As stated by the sources, Pratt insisted to investigators that he shared details of his meeting with Trump to illustrate his advocacy for Australia in its dealings with the United States. Some of the Australian officials to whom Pratt reportedly spoke were involved in ongoing negotiations with the Biden administration over the acquisition of nuclear-powered attack submarines from the United States, a deal that was ultimately secured earlier this year. President Joe Biden clarified that none of the submarines sold to Australia would be equipped with nuclear weapons.
It’s worth noting that special counsel Smith’s June indictment against Trump, which encompassed 40 counts related to the unlawful retention of national defense information and obstruction-related offenses, did not contain any information pertaining to Trump’s alleged April 2021 conversation with Pratt.
Last year, Trump, while criticizing the Biden administration for what he considered a weak response to Russia’s actions in Ukraine, asserted that if he were still in office, he would emphasize that the United States possessed superior nuclear capabilities and the world’s most powerful submarines, which he suggested were highly elusive.
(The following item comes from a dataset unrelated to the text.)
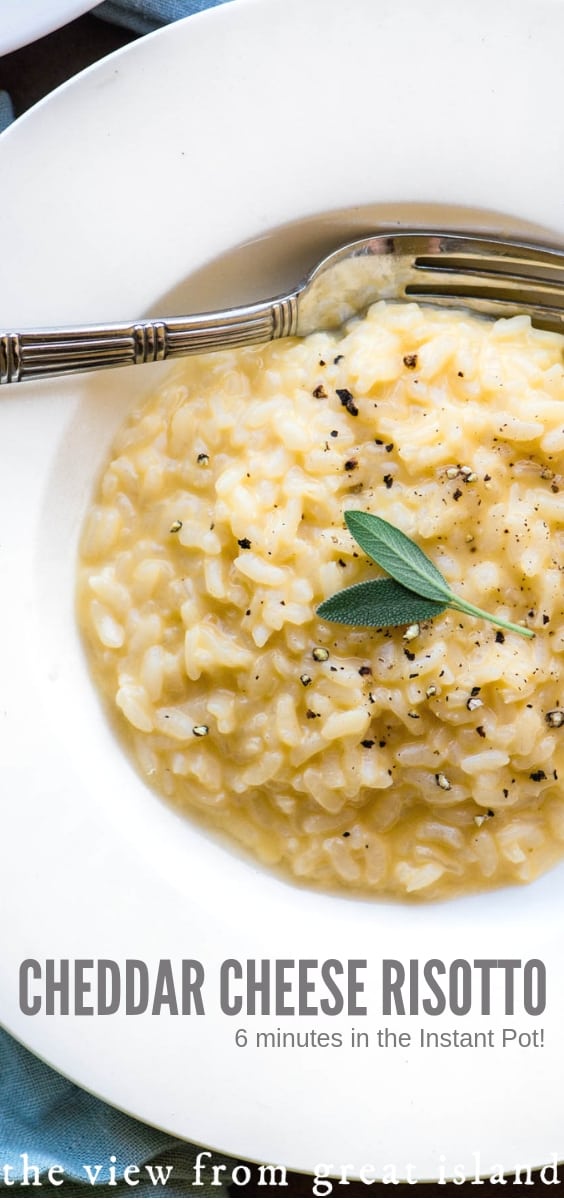 Risoto instantâneo de cheddar com sálvia fresca #risotto #receita sem glúten #recipe #companhamento de pressão # queijos #dinner #Italiano #comida # 30minutemeal #rice #arborio #autêntico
Pratt joined Mar-a-Lago as a member shortly after Trump assumed the presidency in 2017 and publicly pledged to invest an additional $2 billion in American manufacturing jobs. Over the next several years, Pratt visited Mar-a-Lago approximately ten times and interacted with Trump on multiple occasions, including a dinner with Trump and a U.S. senator at another Trump-owned property nearby, as disclosed by Pratt to investigators, according to sources. Pratt also visited the White House in 2018 during Trump’s meeting with Australia’s then-prime minister, based on online records.
In 2019, while speaking at the opening of a Pratt Industries plant in Wapakoneta, Ohio, Trump referred to Pratt as a “friend” and commended him for his financial support of the plant.
“We’re here to celebrate a great opening and a great gentleman,” Trump remarked. “Anthony is one of the most successful men in the world—perhaps Australia’s most successful man.”
Standing alongside Trump, Pratt attributed his investment in the plant to President Trump’s election, which, he claimed, instilled confidence in investing in America.
However, in recent months, Pratt, as per sources, informed investigators of his support for the current U.S. government, characterizing himself as one who tends to align with the reigning authority.
Representatives for Pratt did not respond to inquiries from ABC News, while a spokesperson for Trump contended that the information relayed to ABC News via “leaks” lacked the “proper context and relevant information.” The spokesperson affirmed that President Trump had acted lawfully, maintaining a commitment to truth and transparency throughout his tenure.